The deed involves a lessor and a lessee. The lessor is the landowner or mineral rights owner, and the lessee is typically an oil or gas exploration company.
This kind of lease is commonly called a mineral lease, as the lessee is leasing mineral rights only.
Now, what does that mean? In the US and in many other places, property rights are divided into two: surface rights and mineral rights. This is called ‘split estate.’
In the case of a split estate, the ownership of the land doesn’t guarantee the ownership of everything under it. You may have ownership of both the surface and the depth of the land or one of them.
In oil and gas lease or mineral lease, the party only leases what is below ground, as they are primarily interested in the minerals underneath it.
The lease may last for a particular duration. During this time, the company has the right to dig, explore, and produce minerals (oil and gas). The lessor gets royalties for those minerals in exchange.
The oil and lease terms and definitions may vary based on a number of factors.

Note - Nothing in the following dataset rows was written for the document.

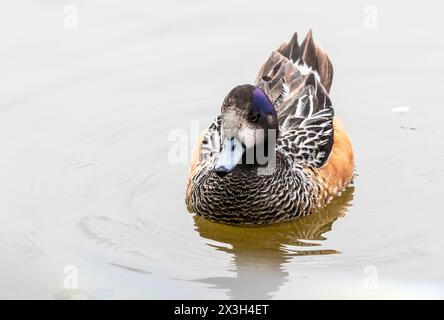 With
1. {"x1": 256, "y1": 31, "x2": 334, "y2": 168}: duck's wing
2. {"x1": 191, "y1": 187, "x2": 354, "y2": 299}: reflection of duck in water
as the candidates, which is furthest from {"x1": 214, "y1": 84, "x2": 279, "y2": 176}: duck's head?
{"x1": 256, "y1": 31, "x2": 334, "y2": 168}: duck's wing

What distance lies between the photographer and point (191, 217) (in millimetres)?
10836

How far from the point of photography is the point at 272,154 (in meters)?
10.5

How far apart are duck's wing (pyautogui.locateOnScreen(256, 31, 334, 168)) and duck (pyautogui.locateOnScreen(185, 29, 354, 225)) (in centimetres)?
1

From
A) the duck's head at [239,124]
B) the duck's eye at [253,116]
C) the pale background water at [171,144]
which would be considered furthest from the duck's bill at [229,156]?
the pale background water at [171,144]

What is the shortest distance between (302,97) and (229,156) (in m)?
2.11

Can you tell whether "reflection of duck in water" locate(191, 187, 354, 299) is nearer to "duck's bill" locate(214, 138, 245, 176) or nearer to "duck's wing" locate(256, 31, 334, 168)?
"duck's wing" locate(256, 31, 334, 168)

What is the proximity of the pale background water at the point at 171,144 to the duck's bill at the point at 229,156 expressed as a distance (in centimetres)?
92

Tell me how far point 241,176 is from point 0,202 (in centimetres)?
244

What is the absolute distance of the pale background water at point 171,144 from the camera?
9.70 meters

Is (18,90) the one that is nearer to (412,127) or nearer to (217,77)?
(217,77)

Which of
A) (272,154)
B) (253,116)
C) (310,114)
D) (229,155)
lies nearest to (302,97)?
(310,114)

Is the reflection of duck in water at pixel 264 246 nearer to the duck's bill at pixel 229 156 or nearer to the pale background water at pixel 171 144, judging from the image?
the pale background water at pixel 171 144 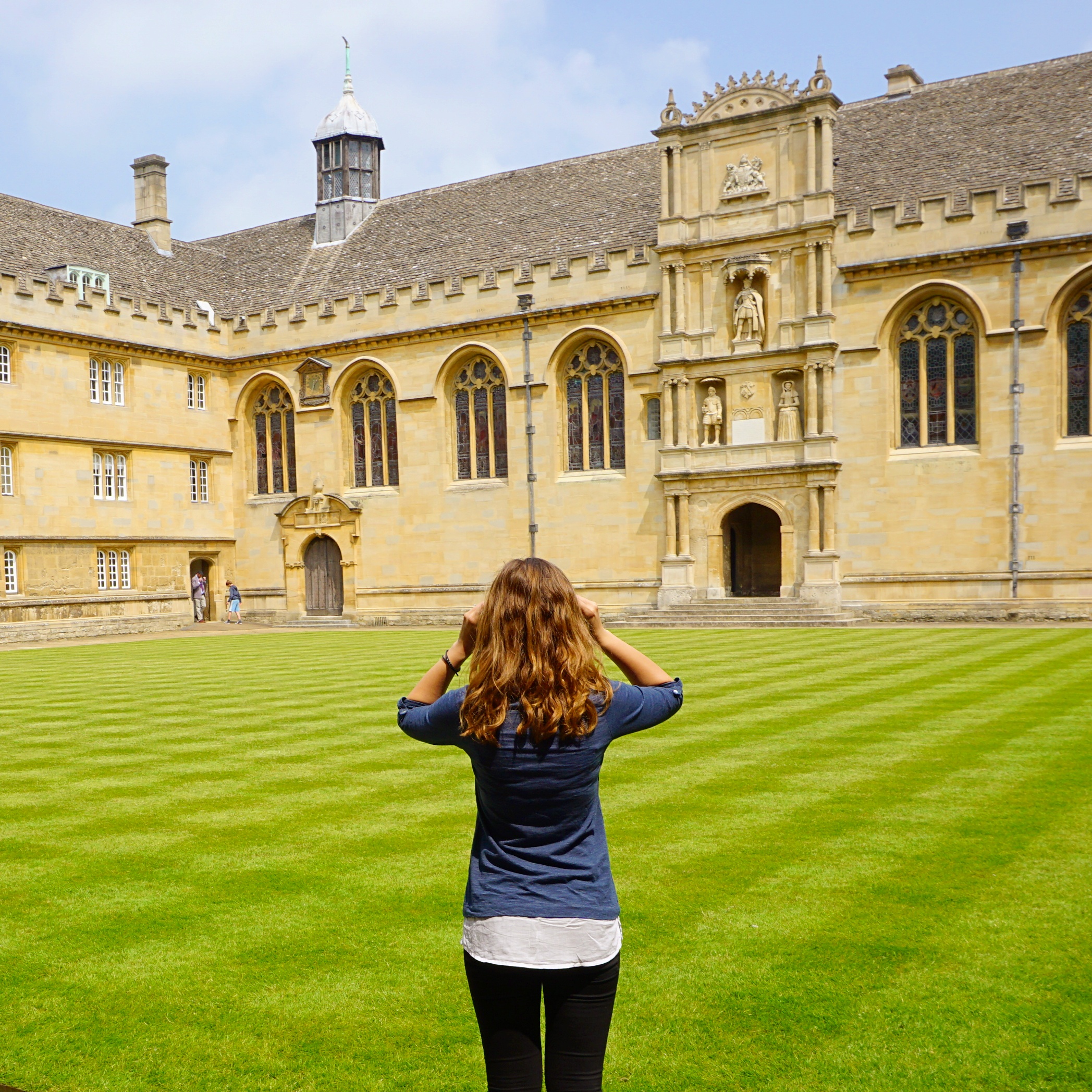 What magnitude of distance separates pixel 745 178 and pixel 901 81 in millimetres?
8626

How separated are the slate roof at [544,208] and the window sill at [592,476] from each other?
650 cm

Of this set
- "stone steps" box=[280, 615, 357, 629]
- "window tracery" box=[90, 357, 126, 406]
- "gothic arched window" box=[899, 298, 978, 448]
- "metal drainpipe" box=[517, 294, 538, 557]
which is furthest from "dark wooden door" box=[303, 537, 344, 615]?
"gothic arched window" box=[899, 298, 978, 448]

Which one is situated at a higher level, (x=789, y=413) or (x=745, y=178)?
(x=745, y=178)

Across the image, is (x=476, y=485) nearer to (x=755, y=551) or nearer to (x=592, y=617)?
(x=755, y=551)

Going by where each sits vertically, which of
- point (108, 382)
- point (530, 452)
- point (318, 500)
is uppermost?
point (108, 382)

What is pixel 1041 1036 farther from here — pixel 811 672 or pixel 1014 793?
pixel 811 672

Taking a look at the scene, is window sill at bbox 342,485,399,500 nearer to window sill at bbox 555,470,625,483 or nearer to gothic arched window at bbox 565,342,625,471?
window sill at bbox 555,470,625,483


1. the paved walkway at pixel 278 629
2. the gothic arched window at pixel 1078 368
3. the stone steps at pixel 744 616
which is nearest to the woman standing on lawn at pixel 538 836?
the paved walkway at pixel 278 629

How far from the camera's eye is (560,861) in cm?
324

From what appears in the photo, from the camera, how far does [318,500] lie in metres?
37.7

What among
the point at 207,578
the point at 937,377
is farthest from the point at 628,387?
the point at 207,578

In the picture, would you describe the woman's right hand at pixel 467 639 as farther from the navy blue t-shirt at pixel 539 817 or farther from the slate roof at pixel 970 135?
the slate roof at pixel 970 135

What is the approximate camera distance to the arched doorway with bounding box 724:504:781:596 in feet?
110

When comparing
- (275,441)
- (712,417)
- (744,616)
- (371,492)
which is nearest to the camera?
(744,616) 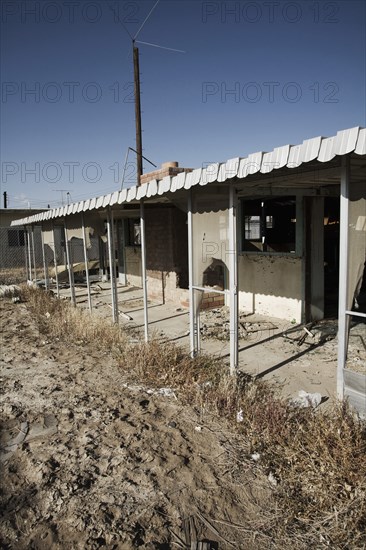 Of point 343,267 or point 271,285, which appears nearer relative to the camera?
point 343,267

This also includes whether the mineral rights belong to an individual, a company, or state or federal government.
How Does a Mineral Rights Lease Work?
A mineral lease is not much different from any other real estate lease where you sign an agreement with certain conditions. The lessee, in this case, which is an oil or gas company, cannot begin exploration legally before signing the lease.
In this kind of lease, you, as a lessor, become a partner with the company. In exchange for the minerals they extract, you get royalties, commonly known as mineral royalties or oil and gas royalties. How those royalties are determined will be declared in the lease agreement, but it usually depends on the amount of oil or gas produced.
For the duration of the lease, the mineral rights belong to the lessee. They cannot be sold to another entity. Once the lease duration is up, the ownership reverts back to the lessor. Unless the lessor renewals the lease, the lessee cannot continue to exploit the minerals underneath.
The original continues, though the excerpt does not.